[Collection entries]
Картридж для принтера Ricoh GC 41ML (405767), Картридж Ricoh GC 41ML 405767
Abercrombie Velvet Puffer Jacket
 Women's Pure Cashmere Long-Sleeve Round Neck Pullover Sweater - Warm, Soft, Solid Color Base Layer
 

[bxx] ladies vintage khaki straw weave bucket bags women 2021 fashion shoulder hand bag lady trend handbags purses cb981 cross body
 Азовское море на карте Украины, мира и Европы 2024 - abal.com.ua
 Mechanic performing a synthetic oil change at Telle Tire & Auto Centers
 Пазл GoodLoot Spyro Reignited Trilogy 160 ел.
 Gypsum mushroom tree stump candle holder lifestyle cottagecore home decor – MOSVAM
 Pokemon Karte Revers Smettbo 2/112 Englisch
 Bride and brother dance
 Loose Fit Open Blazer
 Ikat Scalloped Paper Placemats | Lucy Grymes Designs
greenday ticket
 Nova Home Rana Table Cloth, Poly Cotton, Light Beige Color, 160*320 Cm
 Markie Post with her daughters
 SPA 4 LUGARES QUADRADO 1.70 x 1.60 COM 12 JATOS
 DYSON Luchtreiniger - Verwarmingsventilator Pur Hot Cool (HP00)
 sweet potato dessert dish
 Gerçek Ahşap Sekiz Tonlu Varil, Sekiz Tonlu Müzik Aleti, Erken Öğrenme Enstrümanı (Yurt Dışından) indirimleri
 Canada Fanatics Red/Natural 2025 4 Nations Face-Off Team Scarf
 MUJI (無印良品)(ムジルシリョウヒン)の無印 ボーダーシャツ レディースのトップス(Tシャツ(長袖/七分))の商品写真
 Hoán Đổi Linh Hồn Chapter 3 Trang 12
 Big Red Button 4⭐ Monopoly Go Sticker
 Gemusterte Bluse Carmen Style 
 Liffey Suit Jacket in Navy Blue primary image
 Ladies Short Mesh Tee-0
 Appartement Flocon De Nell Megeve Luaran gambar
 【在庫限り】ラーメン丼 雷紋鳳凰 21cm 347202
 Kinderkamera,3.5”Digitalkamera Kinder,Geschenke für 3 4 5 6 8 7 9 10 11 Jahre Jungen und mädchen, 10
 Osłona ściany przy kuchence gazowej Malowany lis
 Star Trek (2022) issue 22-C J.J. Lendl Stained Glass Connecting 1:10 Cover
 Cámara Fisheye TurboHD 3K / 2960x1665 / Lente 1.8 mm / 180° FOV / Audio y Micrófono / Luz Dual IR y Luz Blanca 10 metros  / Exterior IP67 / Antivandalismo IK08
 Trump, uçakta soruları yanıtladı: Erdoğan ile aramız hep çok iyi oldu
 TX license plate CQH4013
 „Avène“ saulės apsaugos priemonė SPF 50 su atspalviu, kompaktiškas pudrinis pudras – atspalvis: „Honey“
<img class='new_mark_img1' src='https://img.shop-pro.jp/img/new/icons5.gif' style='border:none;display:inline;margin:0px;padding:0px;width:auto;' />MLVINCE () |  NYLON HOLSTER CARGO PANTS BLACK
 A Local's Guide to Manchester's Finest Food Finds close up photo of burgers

PROMPT: Retype the records above in full. Every word should match.

RESULT OF THIS EXERCISE:
Картридж для принтера Ricoh GC 41ML (405767), Картридж Ricoh GC 41ML 405767
Abercrombie Velvet Puffer Jacket
 Women's Pure Cashmere Long-Sleeve Round Neck Pullover Sweater - Warm, Soft, Solid Color Base Layer
 

[bxx] ladies vintage khaki straw weave bucket bags women 2021 fashion shoulder hand bag lady trend handbags purses cb981 cross body
 Азовское море на карте Украины, мира и Европы 2024 - abal.com.ua
 Mechanic performing a synthetic oil change at Telle Tire & Auto Centers
 Пазл GoodLoot Spyro Reignited Trilogy 160 ел.
 Gypsum mushroom tree stump candle holder lifestyle cottagecore home decor – MOSVAM
 Pokemon Karte Revers Smettbo 2/112 Englisch
 Bride and brother dance
 Loose Fit Open Blazer
 Ikat Scalloped Paper Placemats | Lucy Grymes Designs
greenday ticket
 Nova Home Rana Table Cloth, Poly Cotton, Light Beige Color, 160*320 Cm
 Markie Post with her daughters
 SPA 4 LUGARES QUADRADO 1.70 x 1.60 COM 12 JATOS
 DYSON Luchtreiniger - Verwarmingsventilator Pur Hot Cool (HP00)
 sweet potato dessert dish
 Gerçek Ahşap Sekiz Tonlu Varil, Sekiz Tonlu Müzik Aleti, Erken Öğrenme Enstrümanı (Yurt Dışından) indirimleri
 Canada Fanatics Red/Natural 2025 4 Nations Face-Off Team Scarf
 MUJI (無印良品)(ムジルシリョウヒン)の無印 ボーダーシャツ レディースのトップス(Tシャツ(長袖/七分))の商品写真
 Hoán Đổi Linh Hồn Chapter 3 Trang 12
 Big Red Button 4⭐ Monopoly Go Sticker
 Gemusterte Bluse Carmen Style 
 Liffey Suit Jacket in Navy Blue primary image
 Ladies Short Mesh Tee-0
 Appartement Flocon De Nell Megeve Luaran gambar
 【在庫限り】ラーメン丼 雷紋鳳凰 21cm 347202
 Kinderkamera,3.5”Digitalkamera Kinder,Geschenke für 3 4 5 6 8 7 9 10 11 Jahre Jungen und mädchen, 10
 Osłona ściany przy kuchence gazowej Malowany lis
 Star Trek (2022) issue 22-C J.J. Lendl Stained Glass Connecting 1:10 Cover
 Cámara Fisheye TurboHD 3K / 2960x1665 / Lente 1.8 mm / 180° FOV / Audio y Micrófono / Luz Dual IR y Luz Blanca 10 metros  / Exterior IP67 / Antivandalismo IK08
 Trump, uçakta soruları yanıtladı: Erdoğan ile aramız hep çok iyi oldu
 TX license plate CQH4013
 „Avène“ saulės apsaugos priemonė SPF 50 su atspalviu, kompaktiškas pudrinis pudras – atspalvis: „Honey“
<img class='new_mark_img1' src='https://img.shop-pro.jp/img/new/icons5.gif' style='border:none;display:inline;margin:0px;padding:0px;width:auto;' />MLVINCE () |  NYLON HOLSTER CARGO PANTS BLACK
 A Local's Guide to Manchester's Finest Food Finds close up photo of burgers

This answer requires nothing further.